## [Activity]
Begin your copy at the line with "Serbët protestojnë në Leposaviq" in the records below and end it at the line with "Used 2005 Ford Explorer XLT AWD/4WD image 21", restating each line word for word; omit the pictures.

## [Dataset entries]

%%

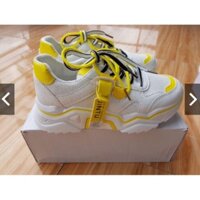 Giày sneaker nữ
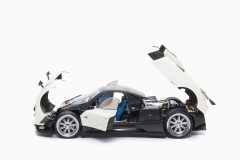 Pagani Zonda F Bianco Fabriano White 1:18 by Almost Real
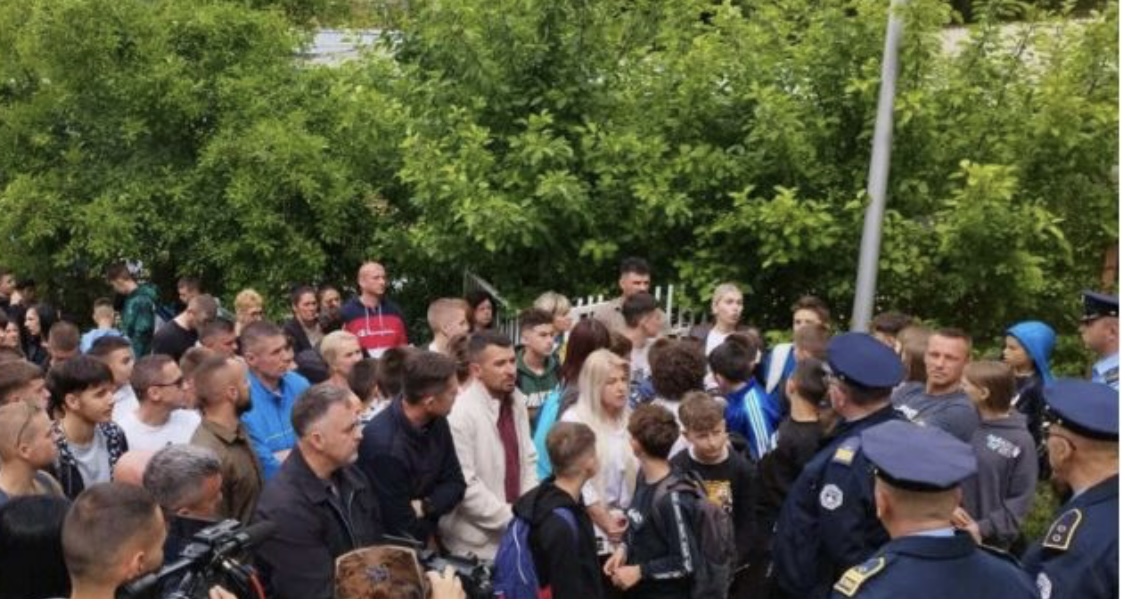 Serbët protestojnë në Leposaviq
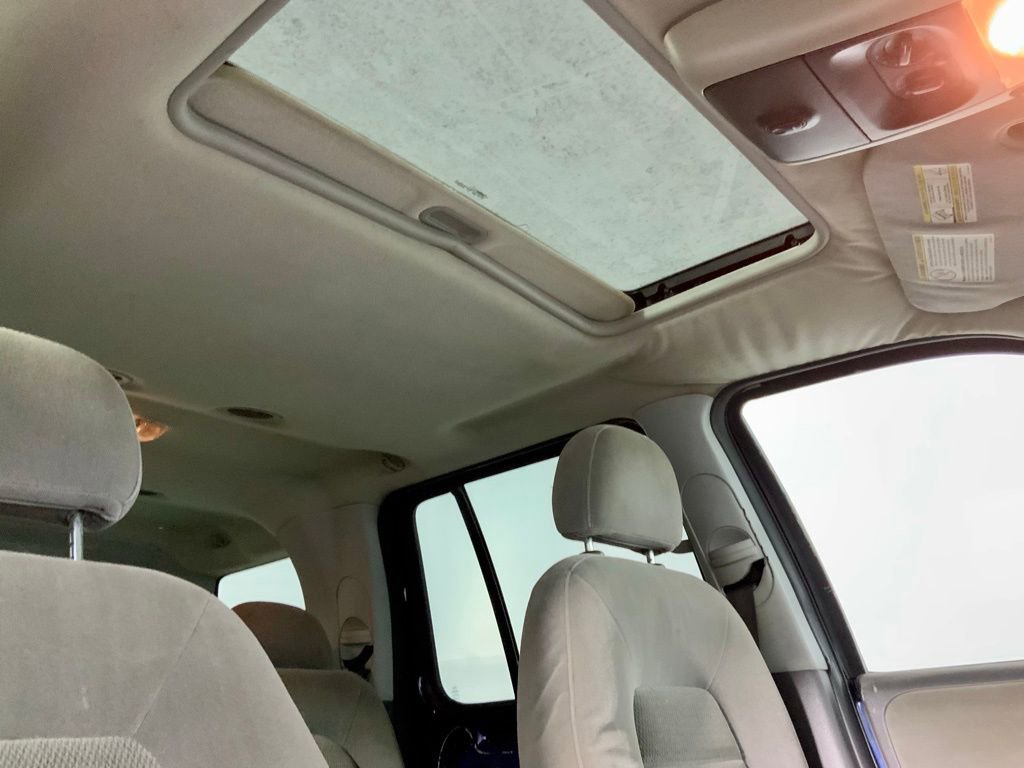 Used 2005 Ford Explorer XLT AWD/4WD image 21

%%
%%

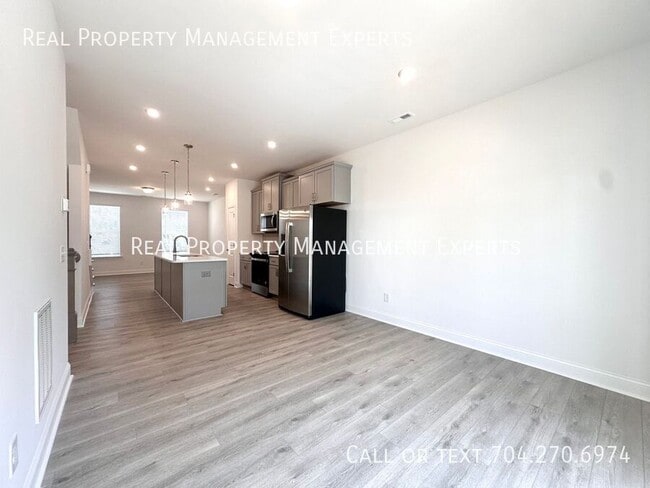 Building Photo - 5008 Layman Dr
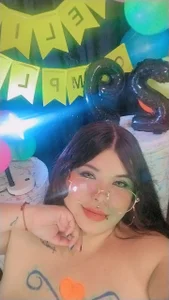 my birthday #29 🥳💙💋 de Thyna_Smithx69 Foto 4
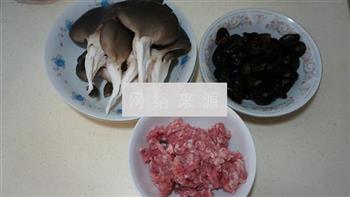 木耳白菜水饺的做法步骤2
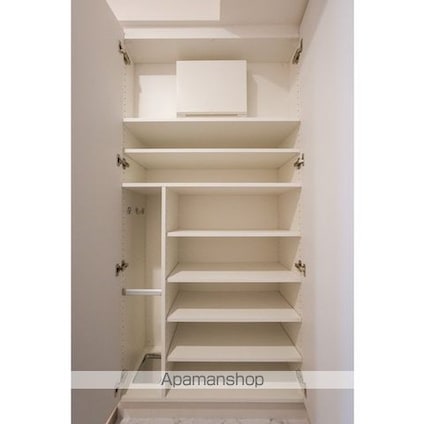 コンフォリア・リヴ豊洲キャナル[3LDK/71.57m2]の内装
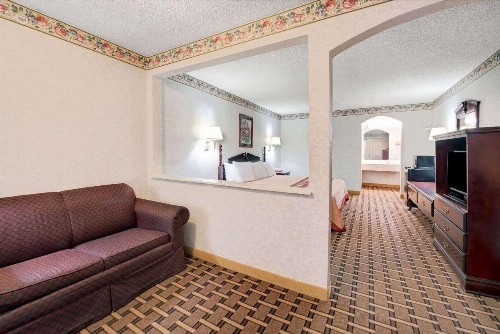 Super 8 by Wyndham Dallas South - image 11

%%
%%

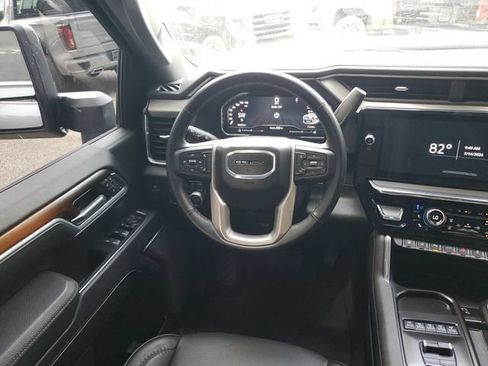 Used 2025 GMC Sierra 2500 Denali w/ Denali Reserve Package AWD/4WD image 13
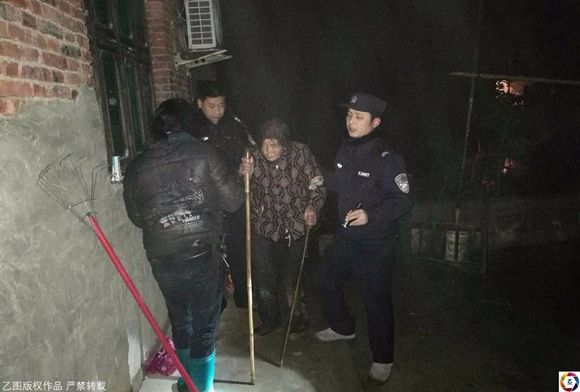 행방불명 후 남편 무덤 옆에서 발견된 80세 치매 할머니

%%

## [Result below]
 Serbët protestojnë në Leposaviq
 Used 2005 Ford Explorer XLT AWD/4WD image 21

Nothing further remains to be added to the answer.